Application error rate IBM monitors all application and background services to evaluate error rate. An alert is triggered when an error rate exceeds a threshold within a defined time frame.
Message propagation delay IBM monitors message propagation rate to ensure minimal delay.
Aggregated delay IBM monitors the total delay between the start and end of a background process.
Web server response time IBM monitors API response times to ensure that the times fall within satisfactory ratings similar to APDEX.
Service throughput IBM ensures that the number of requests that are processed per minute are within a satisfactory threshold.

Application delay monitoring

Some API requests are processed asynchronously, so it is important to monitor these process times. For example, in a supply update, the user receives an accepted status but does not have a way to confirm when the process is completed.

Monitoring plays an important role to ensure that the process time falls within a satisfactory threshold. When a threshold is exceeded, the operations team is alerted immediately to resolve the issue. Refer to your tenant's service level agreement for threshold or tolerance level details.

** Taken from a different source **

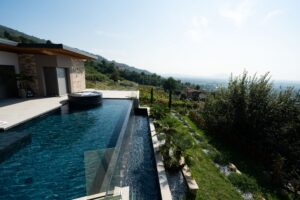 Infinity pool ad alta quota con materiali Made in Italy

Delay monitoring uses a few key metrics:
  • Message propagation delay
  • Network delay
  • Response time (web and background process)
  • Aggregate delay
The following diagram illustrates the monitored metrics for each service and the associated background process.
Diagram illustrates network delay, response time, propagation delay, and aggregate delay

The metrics are tracked at a global level across all tenant accounts.

Synthetic monitoring

Synthetic monitoring is a technique that uses a specialized tool to simulate web requests to each of the supported APIs. Synthetic monitoring is implemented for the following levels:
Table 2. Synthetic monitoring
Monitoring level Frequency Description
Connectivity Every 5 minutes Synthetic monitoring invokes API requests to each supported API and verifies for expected response status and satisfactory response time.
Data Integrity Every 15 minutes Synthetic monitoring simulates typical use cases and ensures data that is accepted by the system is retrievable. Also, the computed values are validated for correctness.
Backup propagation Hourly Ensures that the data processed at a location is correctly stored and retrievable from a backup location.